By Jonathan Shorman
January 21, 2016
Legislative Republicans on Thursday said they want to cross-check lottery winners and welfare recipients, verify the identity of all adults receiving assistance and monitor excessive benefit card replacements.
The proposal represents a sequel to the Hope Act, a major welfare bill lawmakers enacted in 2015. Yet, the policy changes laid out by Republicans are less sweeping than that bill, in some cases making technical changes.
Under the new bill, which lawmakers said likely would be introduced within a few days, the state would be required to verify the identity of all adults receiving cash, food and child care assistance in a household receiving assistance. Currently, the adult applying for assistance for the household is verified.
The Department for Children and Families would also cross-check lottery contestants who win $10,000 or more against a list of lottery recipients. Winners would be required to verify their income and resources.
Kansas had 266 winning tickets of $10,000 or more in 2015, said Sally Lunsford, a lottery spokeswoman.
Sen.
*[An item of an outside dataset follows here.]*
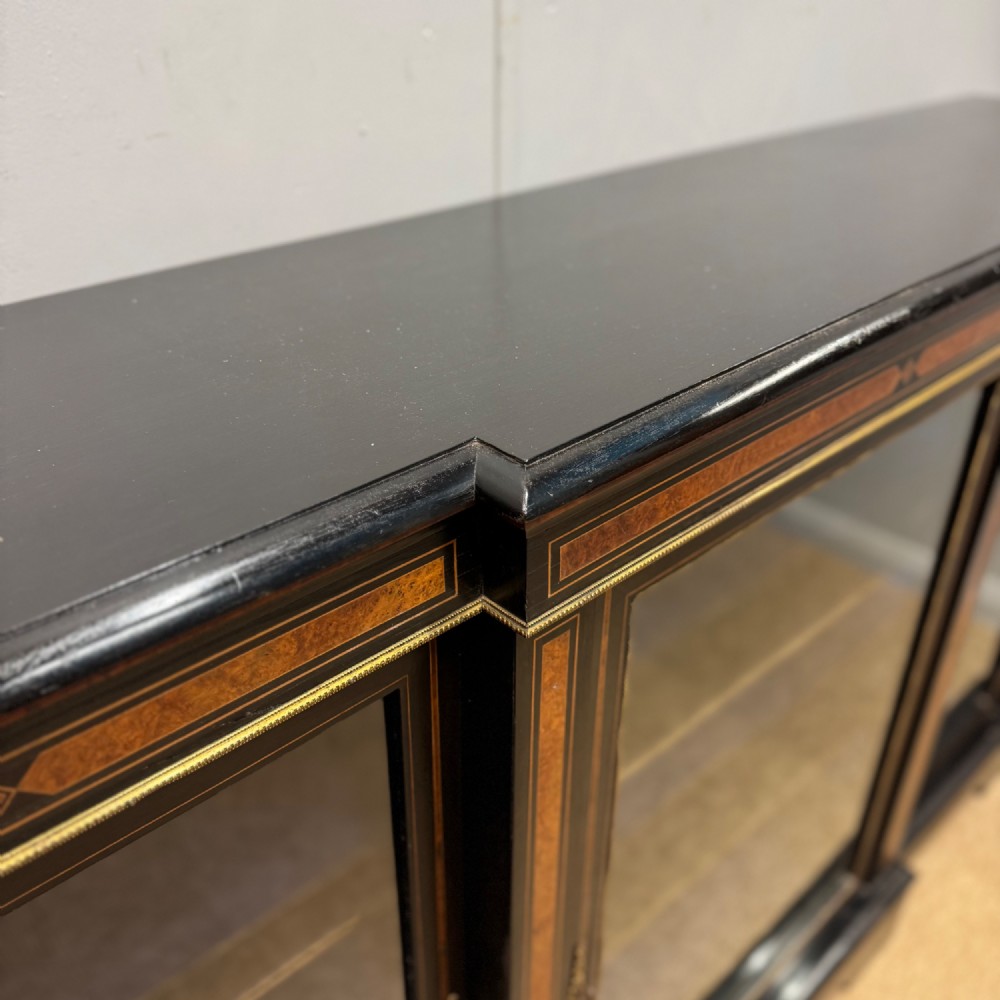 A late 19th-century low ebonised breakfront bookcase featuring three glazed doors, decorative wood inlay along the frieze and pilasters, and brass mounts. View III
Michael O’Donnell, R-Wichita, argued the changes will help fight welfare abuse.
“It is important for us to make sure we are strengthening the system, that we are making sure that system is going to those that deserve it,” O’Donnell said.
“And these changes we have today, the changes we enacted last year, they changed the nation in the sense of other states are looking at what we’re doing,” he said. “They’re following it and they’re making sure hard-working Kansans, hard-working Americans, all of their tax dollars are going to programs that they’re designed for and that we’re eliminating fraud.”
But Rep. John Carmichael, D-Wichita, questioned whether the true purpose of the bill is to help people move off of welfare or to simply cut down on social services spending.
“They have a poor appreciation of what it’s like to live in Kansas on a limited income,” Carmichael said. “This is just a continuation of the draconian policies and bill we saw last year.”
DCF spokeswoman Theresa Freed indicated much of what Republicans are proposing would be new to the agency, not simply codifying existing practices.
Republican lawmakers spent much of a news conference where they outlined the proposal touting what they see as the success of the original Hope Act.
The original Hope Act cuts off child care subsidies for various lengths of time if families are found guilty of infractions, called “noncooperation.” Parents receiving child care subsidies are required to work 20 hours a week.
The law also created a lifetime limit on the amount of school attendance a parent can count as an acceptable alternative.
Most controversially, the law also capped cash withdrawals at $25 a day. In effect, however, because most ATMs dispense only $20 at a minimum and charge fees, recipients could withdraw only $20 a day. The cap was later waived after worries it conflicted with federal regulations.
The Republicans said the law, along with the policy changes it codified, has resulted in lower caseloads, a lower payment error rate and higher incomes for recipients after they leave assistance.
“The welfare reform act gives many welfare recipients on food stamps a hand up, not a handout,” said Rep. Willie Dove, R-Bonner Springs.
Kansas Action for Children said data is scarce on what has happened to families since the Hope Act went into effect.
“Simply because a family is no longer receiving assistance doesn’t mean they suddenly have the means to put food on the table, pay for childcare or put gas in the car to get to work,” KAC President and CEO Shannon Cotsoradis said in a statement. “All we know for sure is that the state’s most economically fragile families no longer have a safety net that keeps them from falling deeper into poverty, ensuring that today’s poor children will become tomorrow’s poor adults.”